Hardware Design

Design Choices

Up next is provided a table including the most important components of the COMMS subsystem. In the following sections is found information about each one of them as well as the overall design of the system.

Quick Facts Table

Specification	Value
Frequency	868 MHz
Modulation	LoRa
Bandwidth	125 kHz
Maximum output power	22 dBm
Maximum current consumption	118 mA
Effective data rate	537.1 bps
Coding rate	4/5
Spreading Factor	11
Antenna	λ/4 monopole

Table 1: COMMS Quick Facts Table

Transciever and Technology

It is crucial to consider that the restricted size of the PocketQube will dictate the maximum power of the signal to can transmit. This is both due to the physical space constraints, discarding the possibility of more complex designs and also due to the power constraits of having a small surface area on the lateral boards for energy gathering.

Hence, it requiered to employ technlogies that provide low consumption, small amounts of space as well as the necessary power and range capabilities to meet the mission's requirements.

It is opted for the utilization of LPWANs (Low Power Wide Area Networks), specifically employing the LoRa (Long Range) physical layer technology. The selected transciever for the subsystem is the SX1262 LoRa Transciever from Semtech, chosen from a range of options due to its superior output, frequency and lower power consumption in comparison to its counterparts:

Chip	SX1262	SX1261	SX1268	SX1272	SX1276	SX1278
Physical Layer Technology	LoRa	LoRa	LoRa	LoRa	LoRa	LoRa
Frequency range	150 - 960 MHz	150 - 960 MHz	410-810 MHz	860-1020 MHz	137-1020 MHz	137-525 MHz
Bandwidth	7,8 - 500 kHz	7,8 - 500 kHz	7,8 - 500 kHz	7,8 - 500 kHz	7,8 - 500 kHz	7,8 - 500 kHz
Maximum output power	22 dBm	15 dBm	22 dBm	20 dBm	20 dBm	20 dBm
Maximum current consumption	118 mA	25,5 mA	107 mA	125 mA	120 mA	120 mA
Size	4mm x 4mm	4mm x 4mm	4 mm x 4 mm	6 mm x 6 mm	6 mm x 6 mm	6 mm x 6 mm

Table 1: Transciever comparisons and selected transciever in green.

Another factor taken account into the desing choice is the flight heritage of the technlogy as FOSSASAT-1 already practically demonstrated the feasibility LoRa communications in space.

Switch

The switch to be used must fulfill certain requisites established mainly by the transciever. First of all it is important to consider the frequency ranges it'll have to work on, being around 868 MHz in our case. Furthermore the switch is to be controlled by an analogic pin of the SX1262, therefore it must work at voltages as close as possible as 3.3V. The insertion losses are also an important factor, having to be minimized. The commutation control scheme has some flexibility as software can be defined to sort out path chosing.

The switch selected is the BGS12P2L6E6327XTSA1 from Infineon. Previously the BGS12PL6E6327XTSA1 was used but due to availability issues the first one has been selected.
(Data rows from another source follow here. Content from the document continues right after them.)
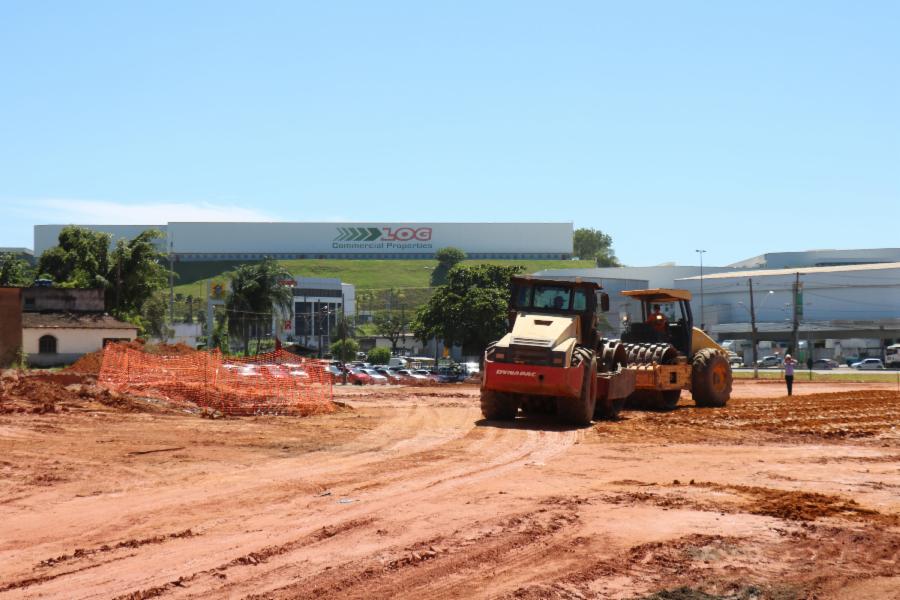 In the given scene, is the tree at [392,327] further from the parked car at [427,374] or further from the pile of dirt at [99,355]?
the pile of dirt at [99,355]

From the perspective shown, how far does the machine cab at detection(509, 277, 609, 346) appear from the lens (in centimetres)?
2408

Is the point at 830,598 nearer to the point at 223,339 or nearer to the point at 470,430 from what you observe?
the point at 470,430

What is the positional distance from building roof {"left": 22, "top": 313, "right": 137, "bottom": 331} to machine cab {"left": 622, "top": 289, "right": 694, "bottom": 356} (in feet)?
138

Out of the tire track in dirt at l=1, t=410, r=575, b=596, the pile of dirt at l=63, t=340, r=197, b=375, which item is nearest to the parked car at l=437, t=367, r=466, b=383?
the pile of dirt at l=63, t=340, r=197, b=375

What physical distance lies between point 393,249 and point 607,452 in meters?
169

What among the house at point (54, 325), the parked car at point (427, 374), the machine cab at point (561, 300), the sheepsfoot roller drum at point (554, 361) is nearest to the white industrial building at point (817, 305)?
the parked car at point (427, 374)

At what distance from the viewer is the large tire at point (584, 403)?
904 inches

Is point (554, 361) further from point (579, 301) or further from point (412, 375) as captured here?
point (412, 375)

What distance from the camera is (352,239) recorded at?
186m

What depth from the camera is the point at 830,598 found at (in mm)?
8562

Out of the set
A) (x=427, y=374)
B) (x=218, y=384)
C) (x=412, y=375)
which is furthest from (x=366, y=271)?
(x=218, y=384)

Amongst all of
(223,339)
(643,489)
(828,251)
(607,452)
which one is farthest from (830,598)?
(828,251)

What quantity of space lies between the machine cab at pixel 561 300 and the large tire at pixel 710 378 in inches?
254

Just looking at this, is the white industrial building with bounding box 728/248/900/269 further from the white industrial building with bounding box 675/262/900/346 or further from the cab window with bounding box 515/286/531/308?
the cab window with bounding box 515/286/531/308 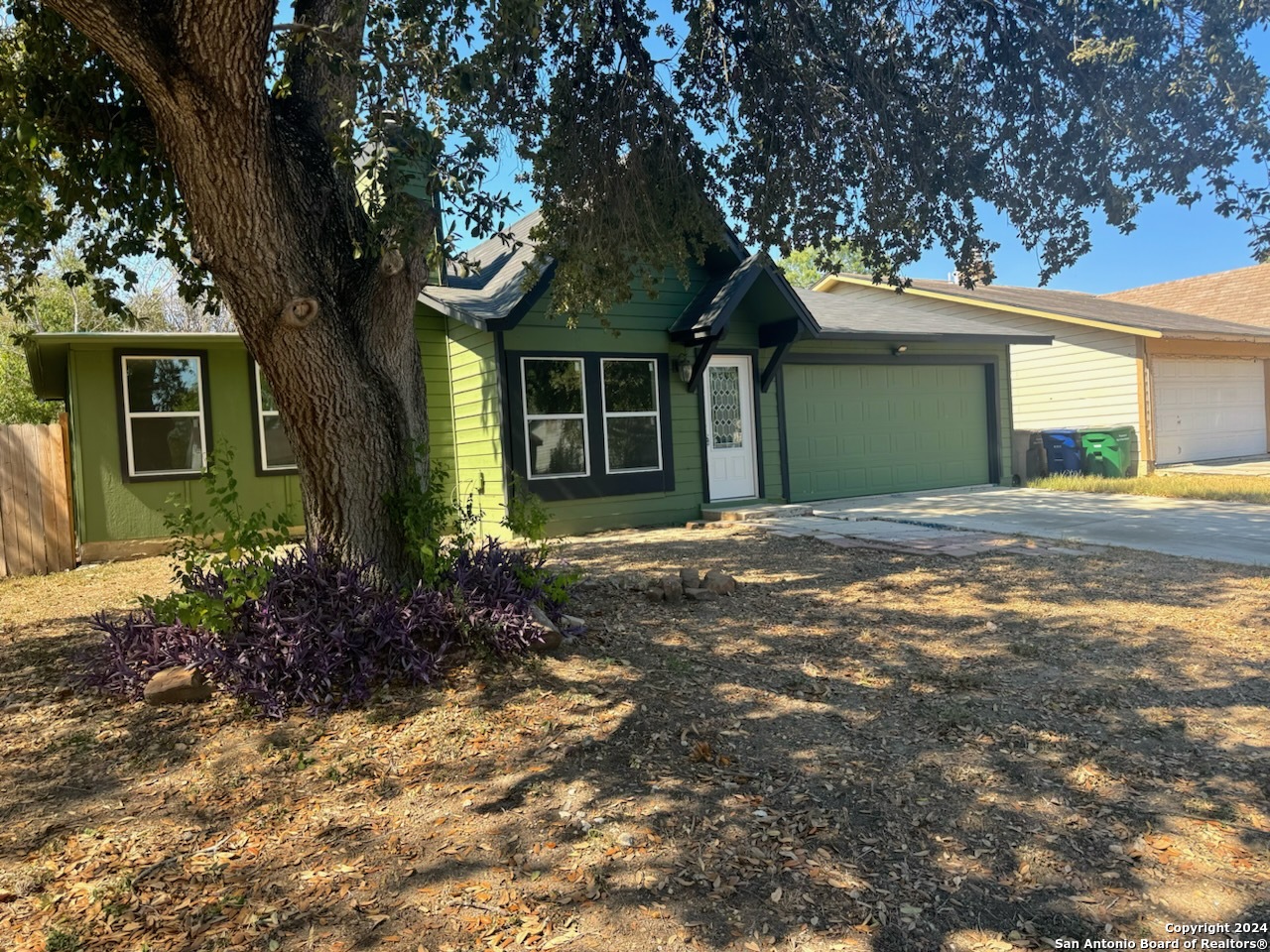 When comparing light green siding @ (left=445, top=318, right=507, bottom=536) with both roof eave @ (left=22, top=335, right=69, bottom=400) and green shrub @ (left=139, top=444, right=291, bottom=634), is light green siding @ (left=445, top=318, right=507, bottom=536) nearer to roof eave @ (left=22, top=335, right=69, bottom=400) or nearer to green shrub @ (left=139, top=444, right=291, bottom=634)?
roof eave @ (left=22, top=335, right=69, bottom=400)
The new switch boasts less losses while being feature in the same package as the old one. Both provide low current consumption and fulfill the previous requirements.

Crystal Oscillator

The COMMS crystal oscillator is responsible for providing a stable RF reference signal to the transciever. This signal is to be of a frequency of 32 MHz as established by the transciever manufacturer. It is mandatory that the selected oscillator remains stable enough in a range of temperatures around -20ºC-80ºC.

The selected crystal oscillator is the FA-128_32.0000MF20X-K5 from EPSON due to it's size and appropiate frequency drifts in the temperature ranges expected. This oscillator is also recommended by the transciever manifacturer.

Antenna Connector

The selected antenna connector is the D.FL75-R-SMT-1(40) from Hirose Electric due to it fitting the frequency and thermic requirements as well as being easily mated.

Antenna

The antenna is the part of the communications system that radiates the signals towards the ground station and receives the signals coming from it. There are different kinds of antennas, but not all of them fit the needs and constraints of a PocketQube mission. Derived from the requirements, the antenna needs to have the following features:

• Tuned at 868 MHz (λ = 0.346 m), to use Europe LoRa ISM frequency.
• Foldable within the PocketQube standard maximum dimensions.
• Wide beam width (large θ3dB) to avoid having pointing mismatch with the GS.

Having analyzed the different alternatives of antennas, only wire antennas accomplish the size requirements while keeping an easy method to fold them. A monopole antenna is selected due to the complications that arise from using a dipole design (possible interferences and modification of some features of the radiation pattern) as well as the simplicity to fold it.

Note that an ideal monopole has an infinite ground plane that, following the image theory for currents, will radiate as if the monopole had another symmetric element on the other side of the ground plane. However, in real life, the ground is neither a perfect conductor which cancels the radiation in the horizontal direction, nor it has an infinite ground plane, which generates some back lobes.

The antenna designed then is a piece of metric tape cut at a lenght of around λ/4 (the frequency being 868MHz). This materials used in these tapes provide proper transmission and reception of EM raditation in our desired frequency range while being resilient to radiation in other parts of the spectrum. It is also a cost-effective solution as well as a proven through flight heritage deisgn. Despite the fact that the length of an ideal monopole is a quarter of the wavelength (λ/4 = c/4f = 3·10^8/4·868·10^6 = 8.64 cm) depending on the characteristics of the antenna and where it is placed, this length can differ a bit.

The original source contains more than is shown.